"Próbują oszukać świat". Węgierski minister oskarża kraje UE
"Największe gospodarki europejskie znacznie zwiększyły import rosyjskiej ropy. Ta sama rosyjska ropa, tylko sprowadzana pod inną etykietą" - napisał na platformie X szef węgierskiej dyplomacji Peter Szijjarto.
"Węgry są stale krytykowane za kupowanie rosyjskich surowców energetycznych. Jednak liczby pokazują, że tylko 2,2 proc. rosyjskiego eksportu ropy trafia na Węgry" - stwierdził Szijjarto.
"Najgłośniejsi oskarżyciele są w rzeczywistości największymi odbiorcami (surowca). Kraje Europy Zachodniej próbują oszukać świat, wskazując na nas palcem. Hipokryzja w najlepszym wydaniu" - dodał dyplomata.
Trump doprowadzi do pokoju? "Skupia się na sprawach drugorzędnych"
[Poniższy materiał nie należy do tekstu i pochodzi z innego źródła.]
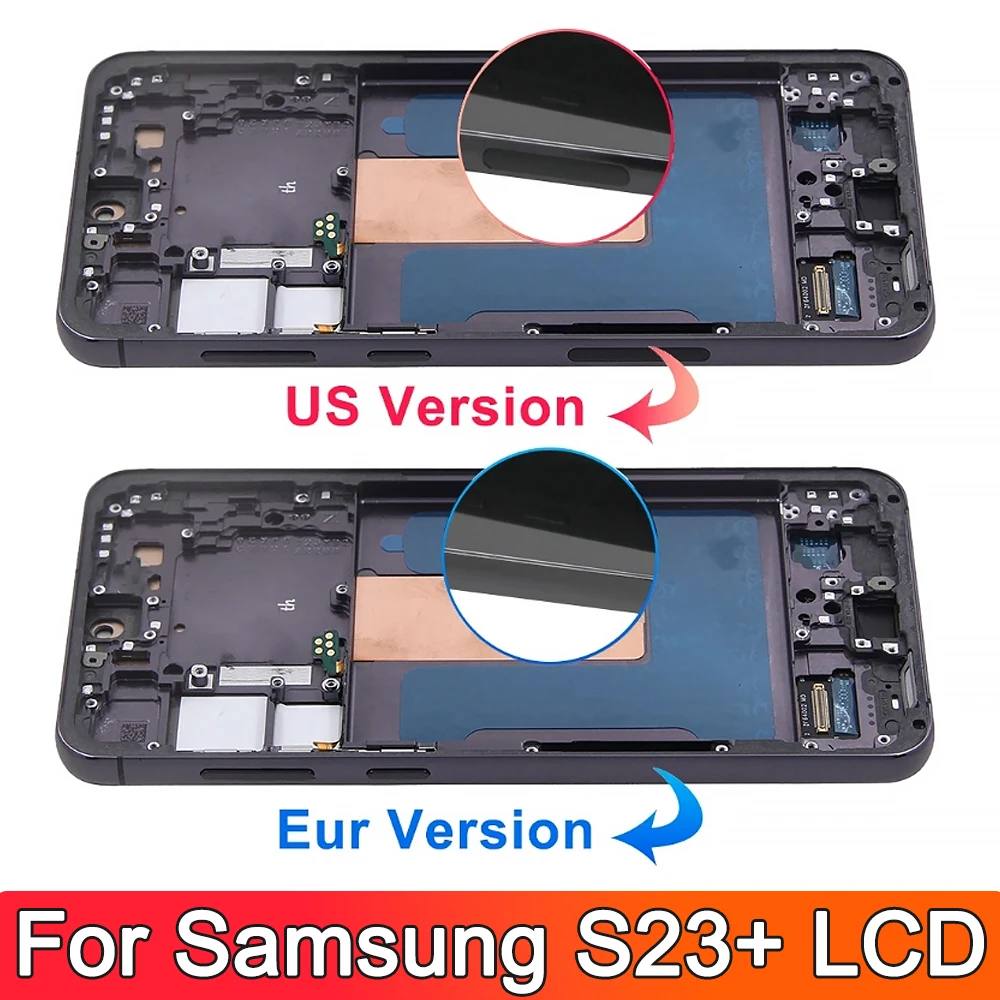 100%Test S23+ 5G LCD For Samsung S23 Plus LCD Display Touch Screen Digitizer For Samsung S23 Plus 5G S916B S916U With Frame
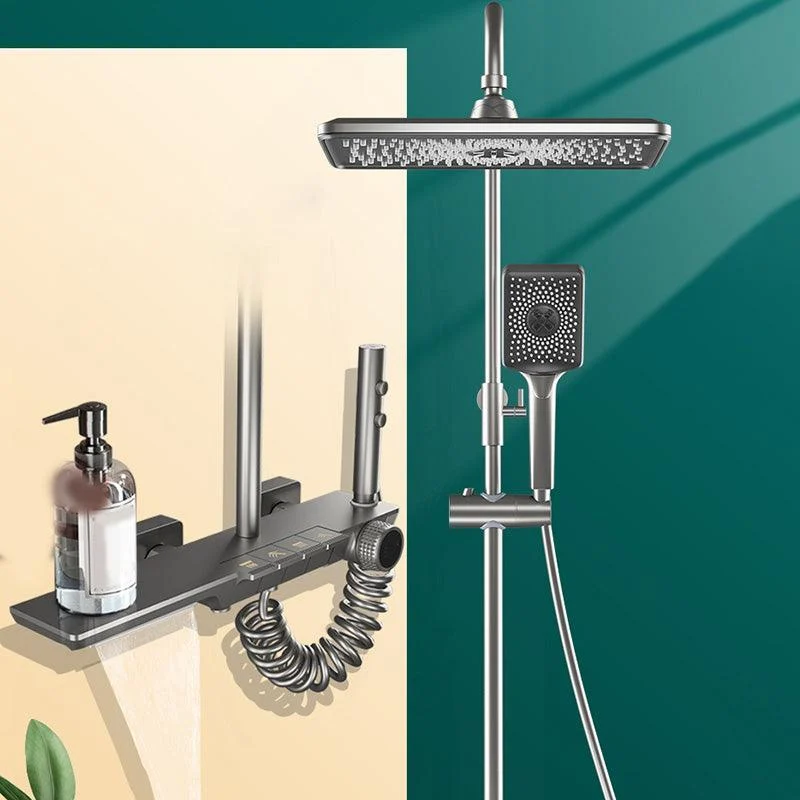 Modern Shower Head Combo Gray Valve Included Tub and Shower Tap -Bathlova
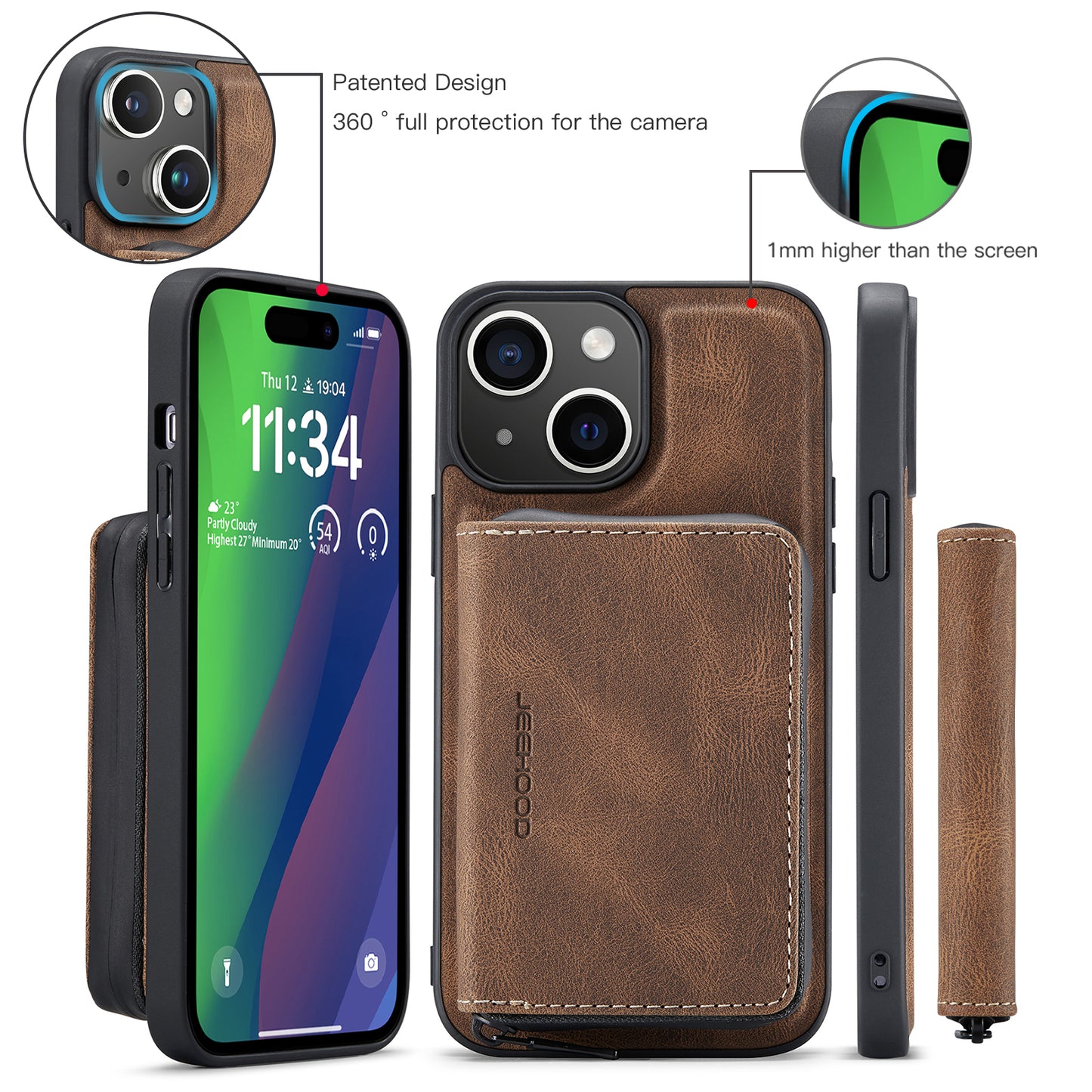 Magnetic Removable Zipper Wallet iPhone 16 Plus Case Leather Back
Zaznaczył, że obowiązkiem władz w Budapeszcie jest zabezpieczenie dostaw energii dla kraju. "Bez rosyjskiej ropy przesyłanej rurociągiem Przyjaźń jest to po prostu niemożliwe" - podkreślił.
Komisja Europejska zapowiedziała w środę, że w "stosownym czasie" przedstawi propozycję nałożenia ceł importowych na rosyjską ropę. Rosyjską ropę importują obecnie w UE tylko Węgry i Słowacja. Oba kraje kupują ok. 200-250 tys. baryłek ropy dziennie, co odpowiada ok. 3 proc. całkowitego zapotrzebowania Unii Europejskiej na ten surowiec.
Trump przyciśnie na Orbana? "Myślę, że to zrobię"
Również prezydent USA Donald Trump zasugerował we wtorek, że może zwrócić się do węgierskiego premiera Viktora Orbana, by przestał kupować rosyjską ropę. - Cóż, on jest moim przyjacielem, nie rozmawiałem z nim, ale mam przeczucie, że gdybym go poprosił, to by to zrobił. I myślę, że to zrobię - powiedział Trump.
Rzecznik rządu Węgier Zoltan Kovacs napisał w środę w portalach społecznościowych - powołując się na dane Międzynarodowego Funduszu Walutowego - że gospodarka Węgier skurczyłaby się o ponad 4 proc., gdyby rosyjskie dostawy zostały całkowicie w UE odcięte.